— WHAT IS BEING ASKED —
Scan the records below for the line containing "Juego de anillos" and the line containing "Tail Lift: slika". Copy both, plus every line between, exactly.

— MATERIAL SHOWN —
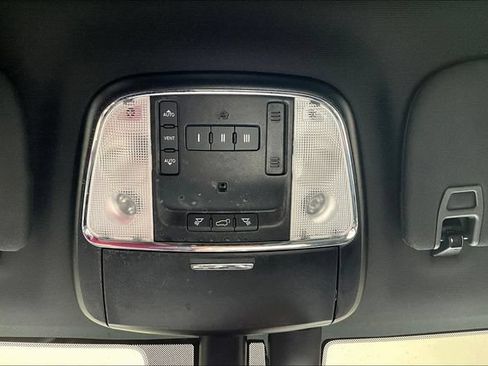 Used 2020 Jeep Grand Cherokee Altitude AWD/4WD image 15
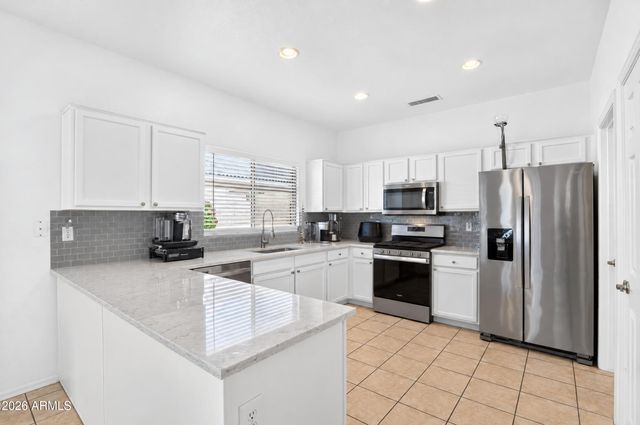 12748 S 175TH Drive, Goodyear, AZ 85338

* * *

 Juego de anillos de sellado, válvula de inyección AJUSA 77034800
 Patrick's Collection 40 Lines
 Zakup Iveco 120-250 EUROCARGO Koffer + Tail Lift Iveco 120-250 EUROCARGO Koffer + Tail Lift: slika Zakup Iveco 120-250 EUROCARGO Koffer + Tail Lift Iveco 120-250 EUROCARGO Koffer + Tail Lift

---

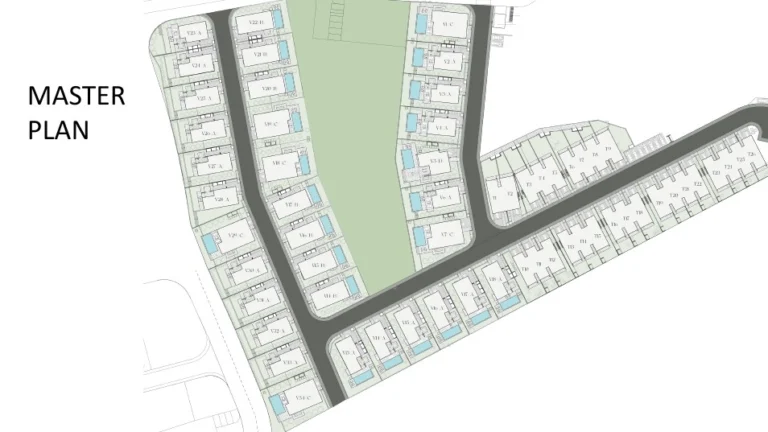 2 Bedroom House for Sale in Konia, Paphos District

— ANSWER TO THIS EXERCISE —
 Juego de anillos de sellado, válvula de inyección AJUSA 77034800
 Patrick's Collection 40 Lines
 Zakup Iveco 120-250 EUROCARGO Koffer + Tail Lift Iveco 120-250 EUROCARGO Koffer + Tail Lift: slika Zakup Iveco 120-250 EUROCARGO Koffer + Tail Lift Iveco 120-250 EUROCARGO Koffer + Tail Lift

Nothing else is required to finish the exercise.